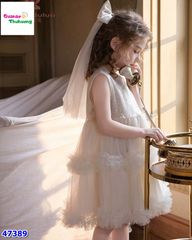 Đầm kem đính cườm nơ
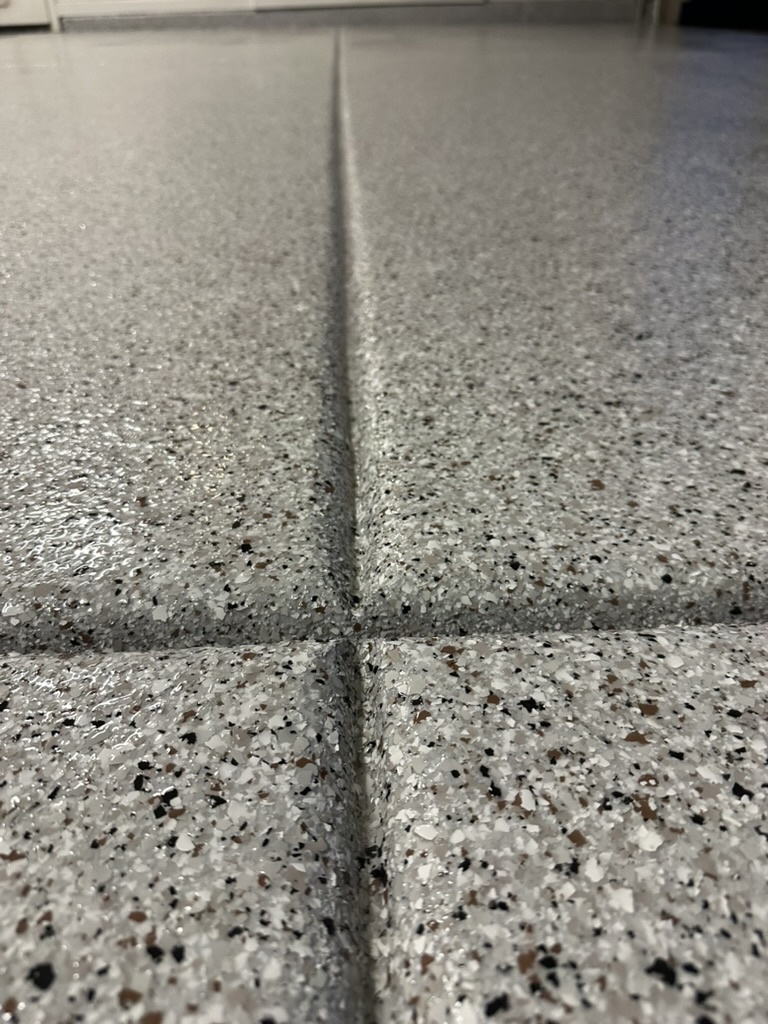Closeup of a flake floor with a saw-cut control joint, showing crack repair detail.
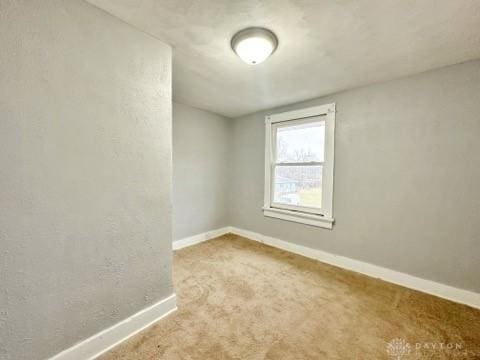 carpeted empty room with baseboards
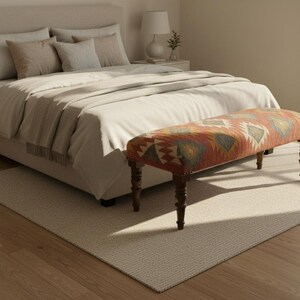 May include: A bedroom scene featuring a bed with pillows and a patterned bench at the foot. The bench has a wooden frame and a colorful, geometric fabric. The room has a neutral color palette with a rug and hardwood flooring.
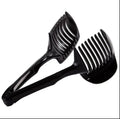 Green plastic fruit and vegetable cutting holder with slicing grid, measuring 18.5 cm.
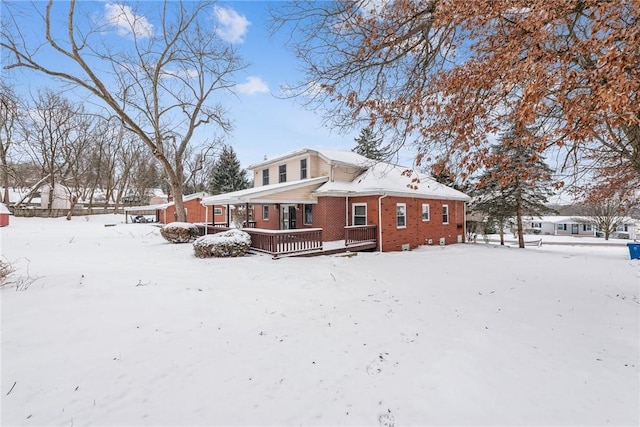 view of snow covered house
----
An exact copy is needed. It runs from the line above containing "Closeup of a" down to the line containing "carpeted empty room with baseboards", both included, with no pictures.

Closeup of a flake floor with a saw-cut control joint, showing crack repair detail.
 carpeted empty room with baseboards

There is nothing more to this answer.